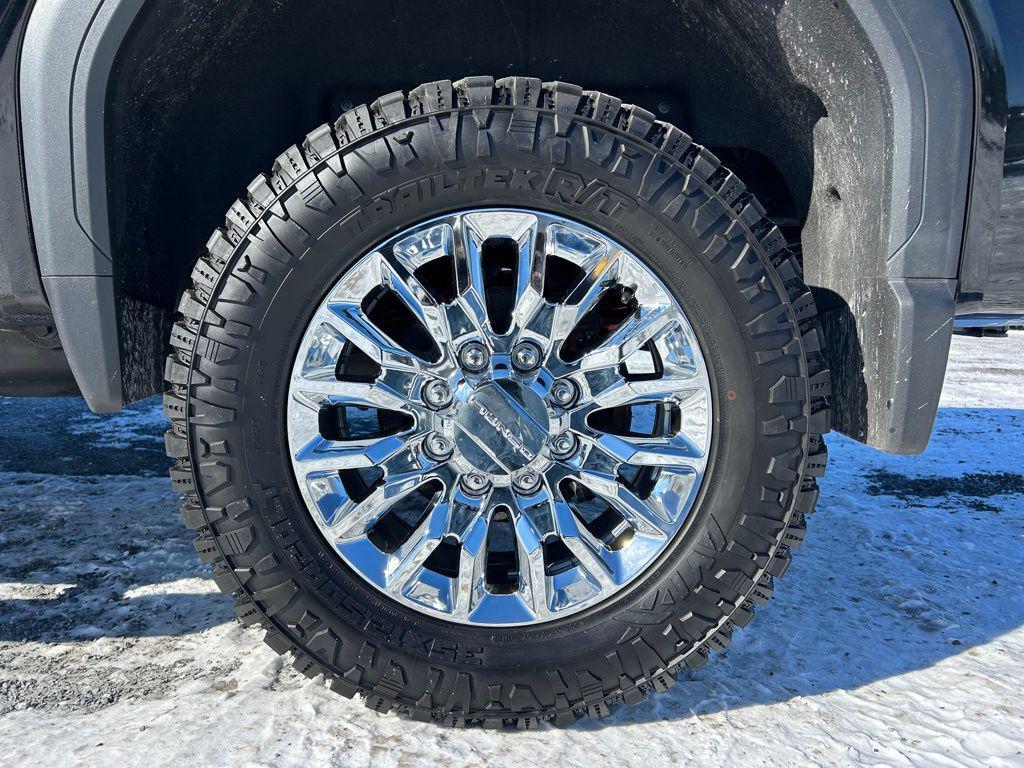 used 2024 GMC Sierra 2500 car, priced at $71,700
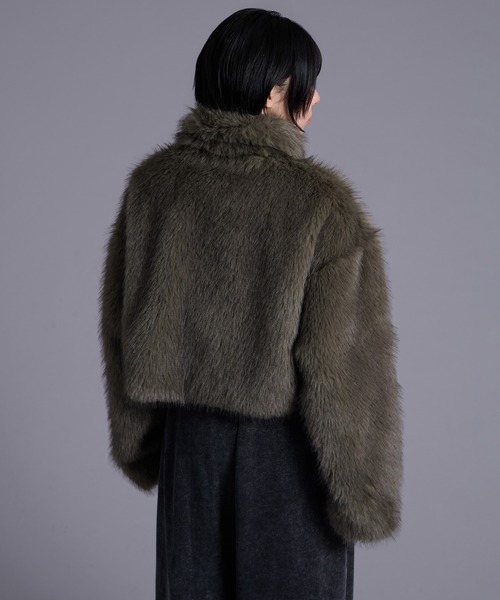 Ellno Loset(エルノロゼット)の「スタンドネックショートファーブルゾン(ブルゾン・メンズ・グレー/カーキ・MEDIUM/LARGE)」の13枚目の写真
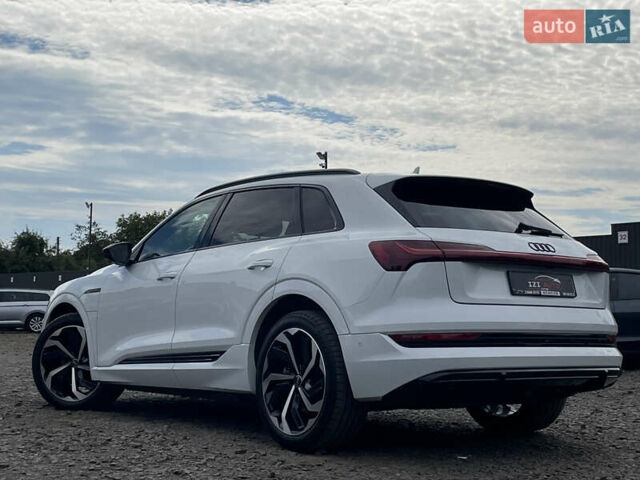 Белый Ауди E-Tron, объемом двигателя 0 л и пробегом 41 тыс. км за 42712 $, фото 5 на Automoto.ua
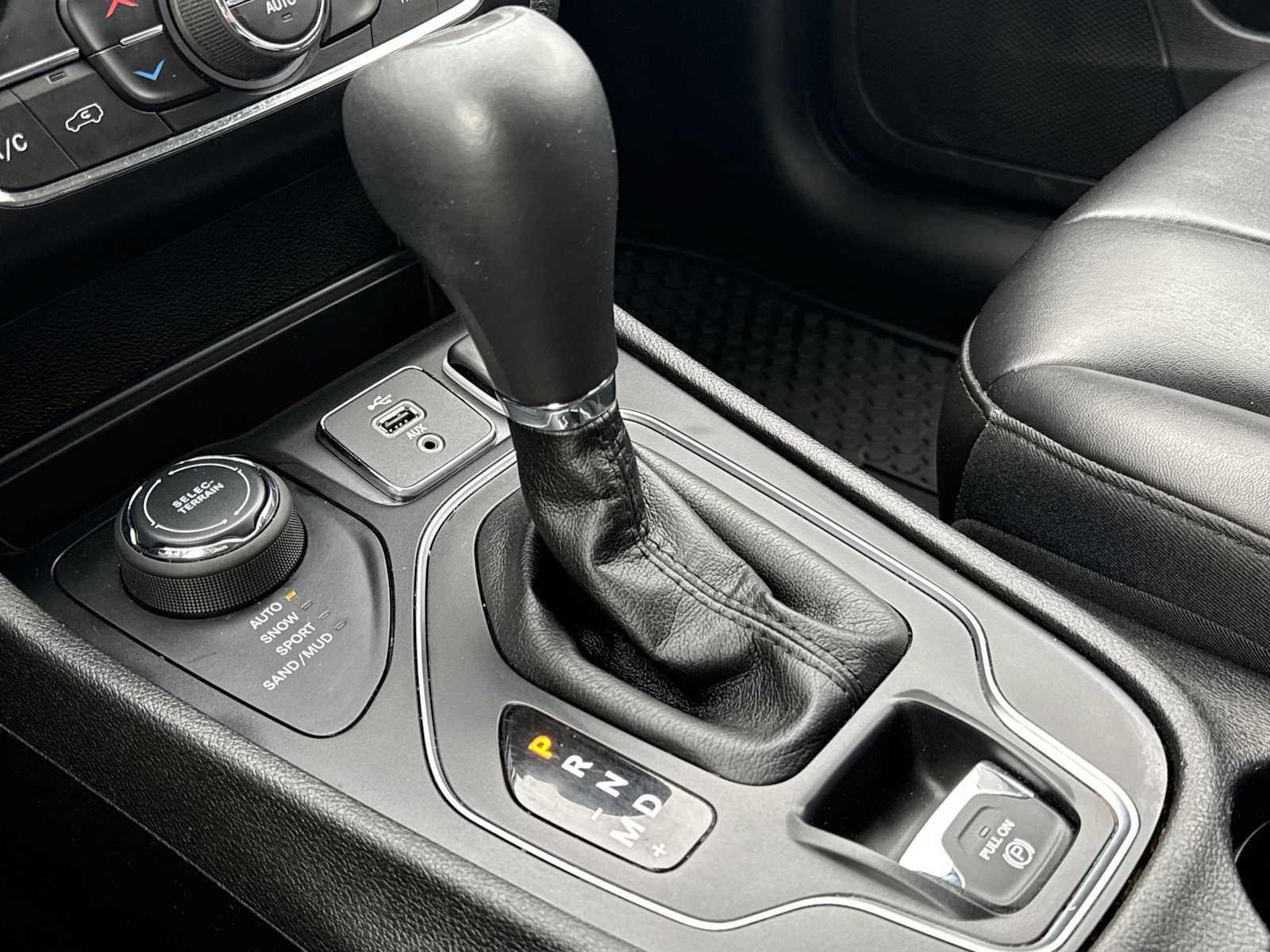 Thumbnail: 2019 Jeep Cherokee - 32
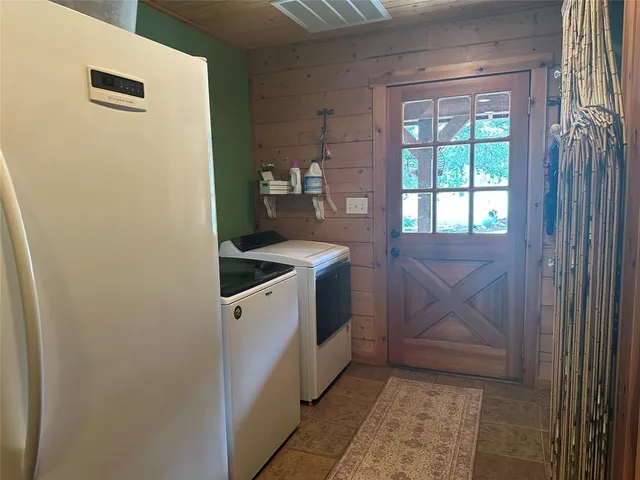 a en suite bathroom with a double vanity sink and a mirror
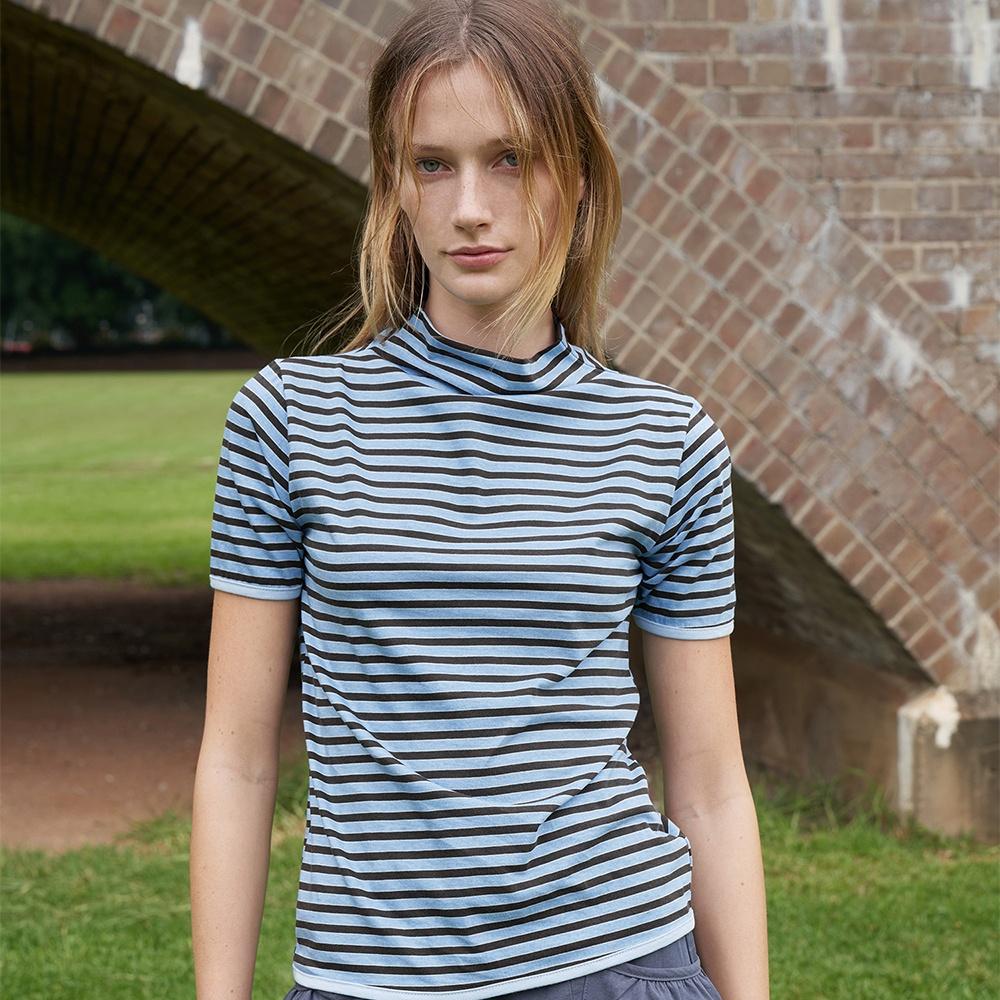 STRIPE HALF NECK TOP DOLPHIN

WHAT TO PRODUCE: Nothing but an exact transcription of the material, without pictures, should be returned.

WRITTEN ANSWER:
 used 2024 GMC Sierra 2500 car, priced at $71,700
 Ellno Loset(エルノロゼット)の「スタンドネックショートファーブルゾン(ブルゾン・メンズ・グレー/カーキ・MEDIUM/LARGE)」の13枚目の写真
 Белый Ауди E-Tron, объемом двигателя 0 л и пробегом 41 тыс. км за 42712 $, фото 5 на Automoto.ua
 Thumbnail: 2019 Jeep Cherokee - 32
 a en suite bathroom with a double vanity sink and a mirror
 STRIPE HALF NECK TOP DOLPHIN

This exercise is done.